L’année écoulée ayant été marquée par un fort déficit pluviométrique, les productions céréalières 2009-2010 de plusieurs pays ont été sérieusement amputées : - 34 % au Tchad, - 26 % au Niger et - 10 % au Burkina Faso, selon une note interne de deux agences onusiennes, le Programme alimentaire mondial (PAM) et l’Organisation des Nations unies pour l’alimentation et l’agriculture (FAO). Le Mali et le Sénégal s’en sortent cependant bien mieux, avec des productions céréalières respectivement en hausse de 13 % et 7 %.
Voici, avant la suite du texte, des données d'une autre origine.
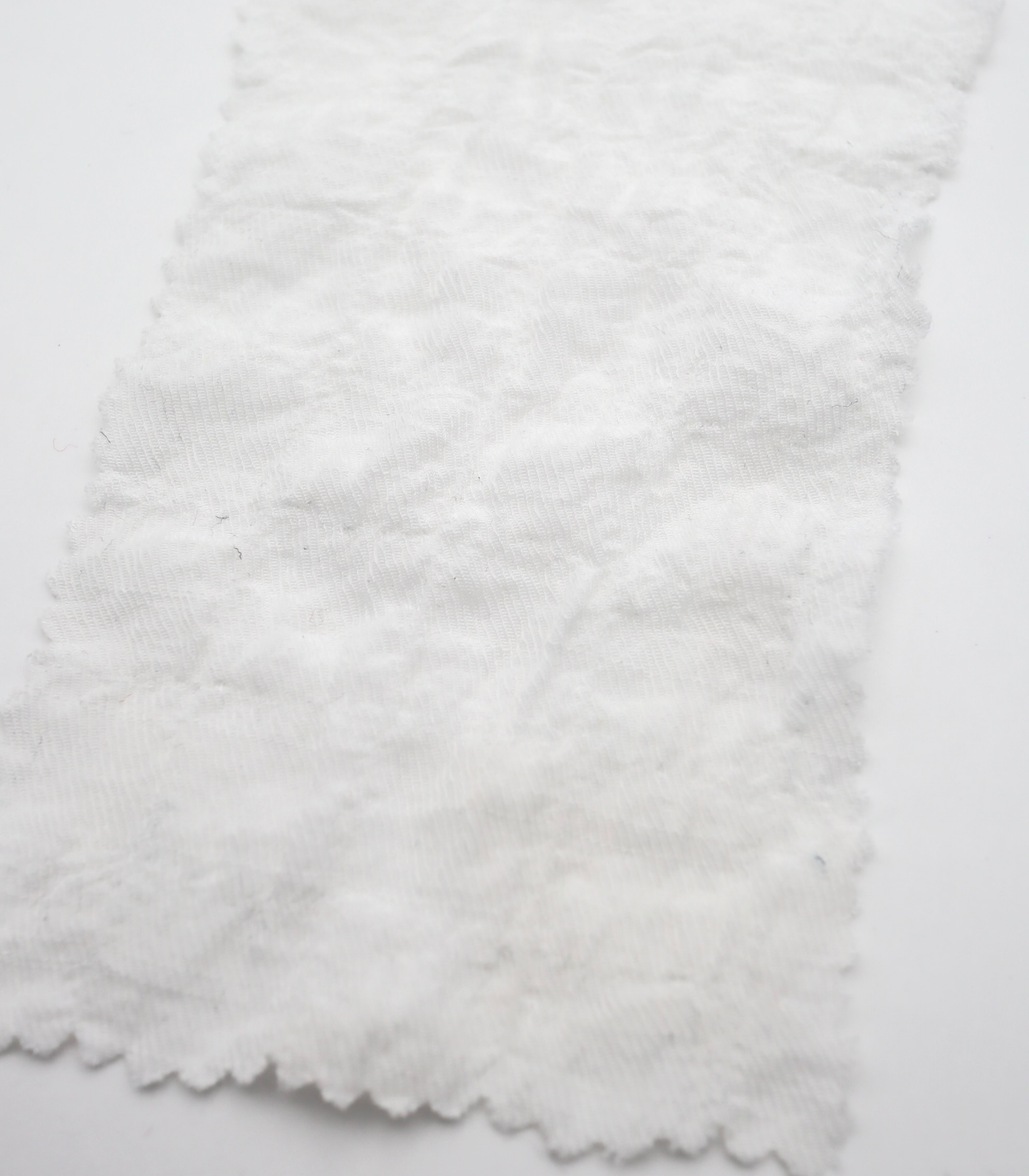 【25SS-207】格子シャーリング風スラブツイル　/0.5ｙあたり = ～ 765円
« Les indicateurs disponibles concourent à montrer l’existence d’un risque imminent d’insécurité alimentaire élevé pour les ménages vulnérables de l’est du Sahel », jugent le PAM et la FAO. Un constat partagé, fin janvier devant des journalistes à Dakar, par le responsable Afrique de l’Ouest de l’Office d’aide humanitaire de la Commission européenne (ECHO) : « Nous sommes déjà dans ce qui ressemble à une période (...) de difficulté extrême pour les populations les plus désavantagées. »

Au Niger, un rapport gouvernemental vient d’ailleurs de reconnaître que 20 % de la population, soit 2,7 millions de personnes, nécessite « un appui urgent dans le court et moyen termes », soit presque trois fois plus que les années précédentes. Quelque 5,1 millions d’autres Nigériens, soit 38,2 % de la population, sont « dans une situation de vulnérabilité modérée ». Une reconnaissance officielle qui représente déjà, selon plusieurs ONG, une réelle avancée : en 2005, dans les mois précédents la famine qu’avait subie le pays, Niamey avait longtemps minoré les alertes des organisations humanitaires et sous-estimé la crise.
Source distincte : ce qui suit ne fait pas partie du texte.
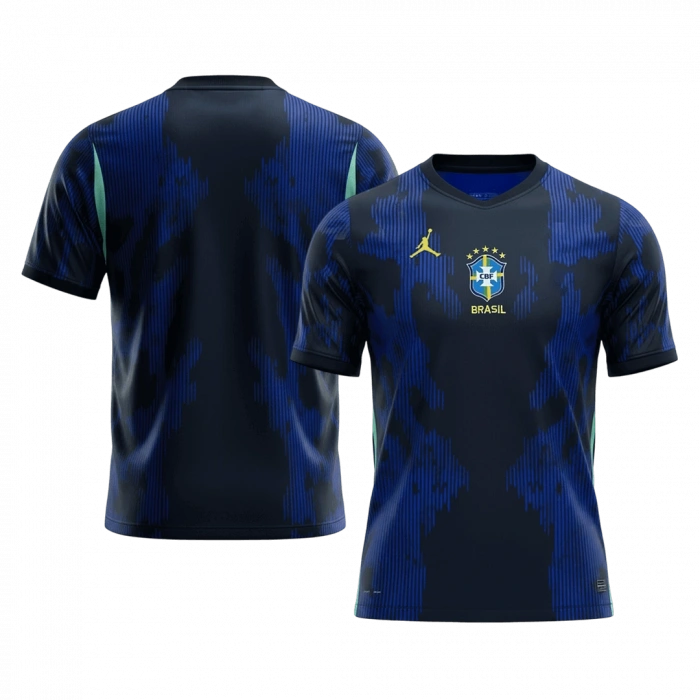 Brezilya Dünya Kupası 2026 Forma Away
FORTE AUGMENTATION DES PRIX

Sur le terrain, certains paysans du Niger sont ainsi déjà entrés en « période de soudure », ce laps de temps entre l’épuisement des réserves et la nouvelle récolte. « C’est excessivement tôt, explique, sous couvert d’anonymat, un membre d’une grande ONG présent sur place. Normalement, pour les plus vulnérables, la période de soudure débute en avril-mai, pour des récoltes ayant lieu fin septembre-début octobre. » A fin décembre 2009, les stocks alimentaires de l’ensemble des ménages du pays ne leur permettaient de couvrir leurs besoins, en moyenne, que pour 2,8 mois.

En temps normal, les populations les plus vulnérables se fournissent en denrées sur les marchés locaux durant la période de soudure. Mais les prix des aliments y ont fortement augmenté récemment : sur le marché de Niamey, le kilo de mil se vendait ainsi aux alentours de 220 francs CFA fin 2009, contre environ 170 francs CFA en moyenne lors des cinq dernières années, selon FewsNet, le réseau d’alerte alimentaire des Etats-Unis.
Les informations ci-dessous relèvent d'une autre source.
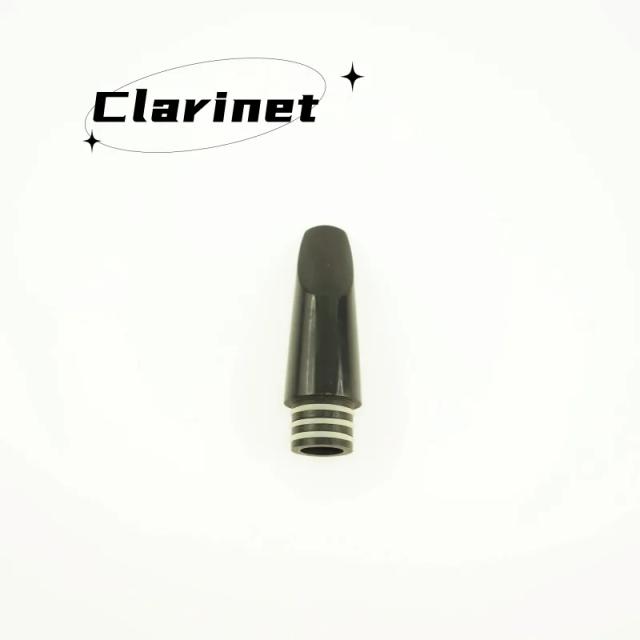 Bocal de Borracha para Clarinete - Conforto e Qualidade sonora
« Face à cette situation, la population devient plus mobile et se déplace notamment vers les centres urbains pour y trouver du travail, note Olivier Longué, directeur général d’Action contre la faim Madrid, la branche de l’ONG opérant au Niger. Dans de grandes villes, les salaires les plus bas ont ainsi reculé de 10 % à 15 %. »

Si la situation est également préoccupante dans certaines régions du Mali, au nord-est du Burkina Faso, et que l’état de la Mauritanie reste flou en raison de faibles statistiques, certains jugent le Tchad « très affecté » : une étude réalisée par Action contre la faim dans la région du Kanem (est du pays) rapporte ainsi un taux de malnutrition aiguë de 26,9 %, le seuil d’urgence étant habituellement fixé à 15 %. Dans ce pays, les stocks nationaux de sécurité de mil ne s’élèvent ainsi qu’à 9 000 tonnes, soit environ un quart du niveau désiré : un montant jugé « particulièrement faible » par la FAO et le PAM.

Dans ces pays du Sahel, la situation peut toutefois être encore renversée, selon plusieurs ONG, à condition de détecter de façon précoce les personnes atteintes de malnutrition et de dégager des fonds supplémentaires pour l’aide alimentaire, ce qui permettrait aux paysans de reconstituer des stocks. Mais, comme le juge un humanitaire, « nous sommes passés de l’alerte précoce à l’alerte ».